** Opening Data excerpt block **

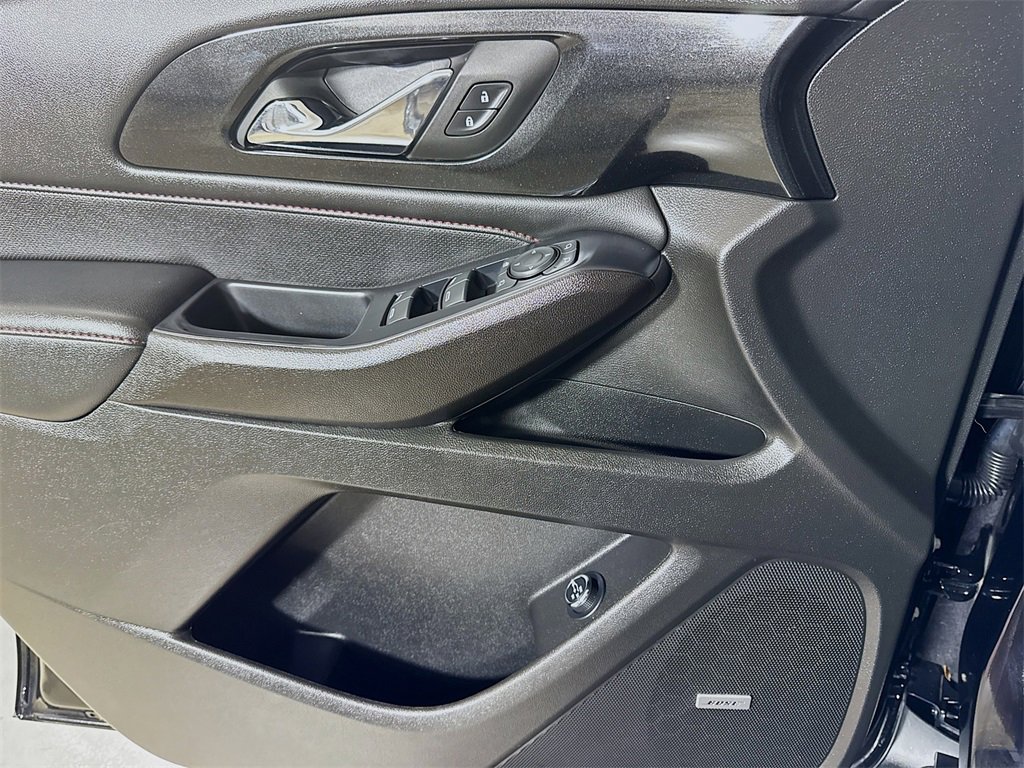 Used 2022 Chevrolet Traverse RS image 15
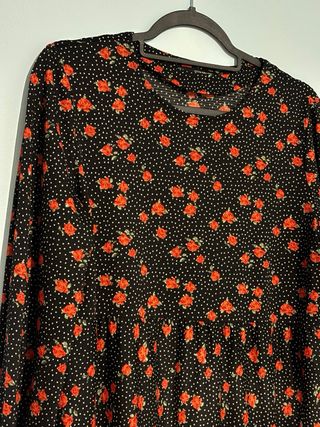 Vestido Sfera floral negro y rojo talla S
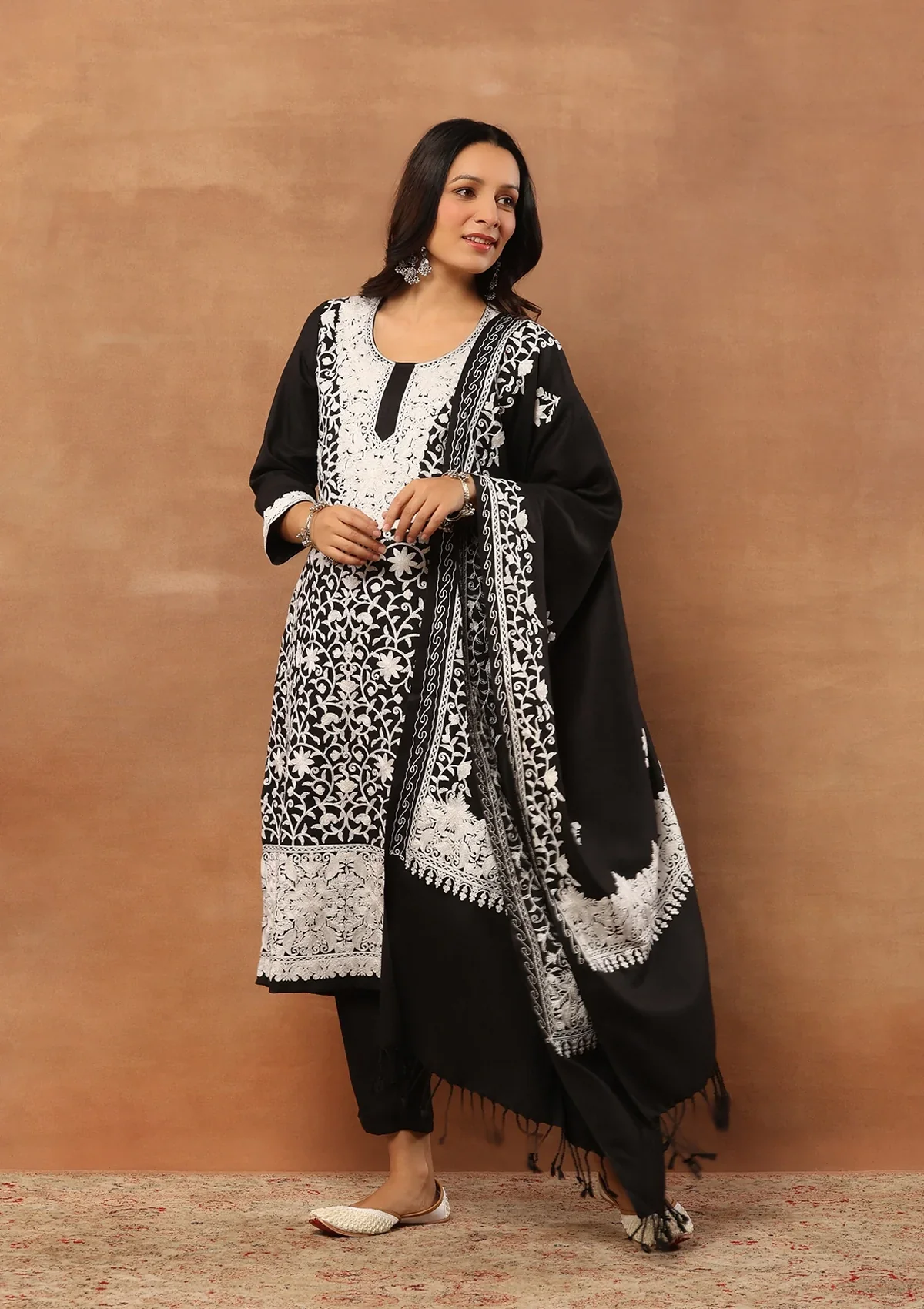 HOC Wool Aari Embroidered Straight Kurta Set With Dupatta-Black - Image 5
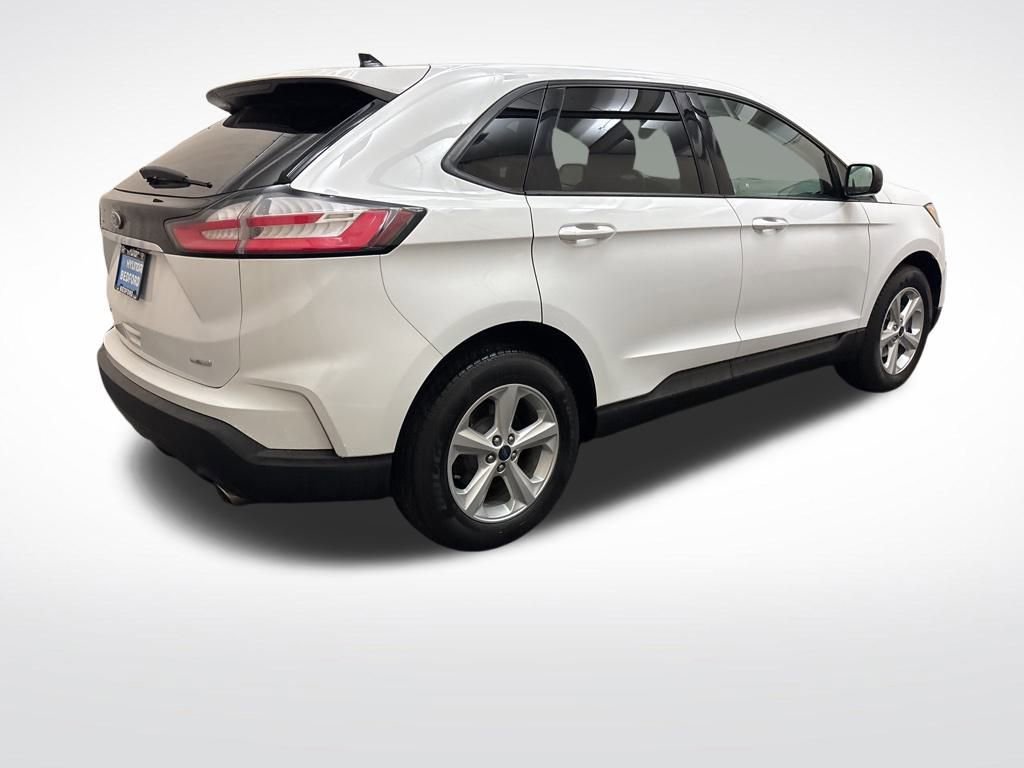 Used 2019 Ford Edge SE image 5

** Closing Data excerpt block **

**Your goal**
Repeat the material above word for word but skip the images.

**Reply to the task**
 Used 2022 Chevrolet Traverse RS image 15
 Vestido Sfera floral negro y rojo talla S
 HOC Wool Aari Embroidered Straight Kurta Set With Dupatta-Black - Image 5
 Used 2019 Ford Edge SE image 5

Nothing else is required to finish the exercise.